Ninth Circuit holds that Supreme Court’s eBay decision applies in copyright cases and requires that plaintiff seeking preliminary injunction show irreparable harm, and concludes that plaintiff failed to establish it.
Plaintiff, operator of a subscription website featuring photos of nude models, sued and sought a preliminary injunction against Google, claiming that Google’s search and archiving functions allowed users to circumvent the website’s paywall and view the photos for free. Plaintiff also alleged that Google’s copyright-infringement notification policy was itself infringing, because when Google receives a take-down notice alerting it to infringement on a website that can be accessed through its search engine, it forwards that notice to chillingeffects.org, a nonprofit website concerned with free speech on the Internet, which publicly posts the notice along with a link to the infringing website.
The Ninth Circuit affirmed the district court’s denial of plaintiff’s preliminary injunction motion. The court explicitly agreed with the Second Circuit decision in the case of Salinger v.Colting, 607 F.3d 68, 75, 79 (2d Cir. 2010 ) and held that the Supreme Court’s reasoning in its decision in eBay Inc. v.
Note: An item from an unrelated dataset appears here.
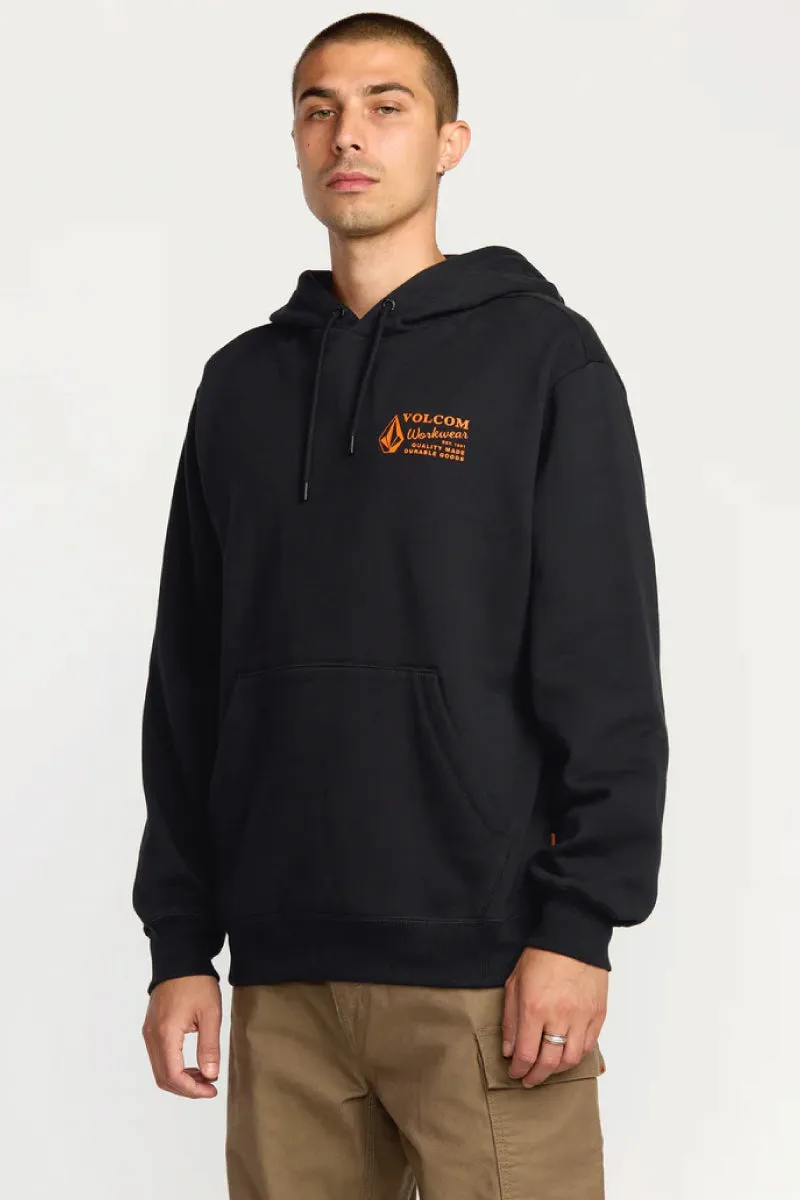 Workwear Hoodie sold by Below the Belt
MercExchange, L.L.C. applied equally to copyright cases as to patent cases, and required courts to inquire into the existence of, rather than simply presume, irreparable harm in copyright cases (as some courts, including the Ninth Circuit, had in the past). The court also held that this reasoning applied equally to both permanent and preliminary injunctions. Next, the court found that Plaintiff failed to establish irreparable harm, having submitted several affidavits from its founder that suggested that without an injunction, plaintiff would be forced into bankruptcy. The court found that plaintiff was never financially sound, did not establish that its inability to obtain an injunction would force it into bankruptcy and that it had failed to submit evidence that it was losing customers as a result of its content being freely accessible through Google.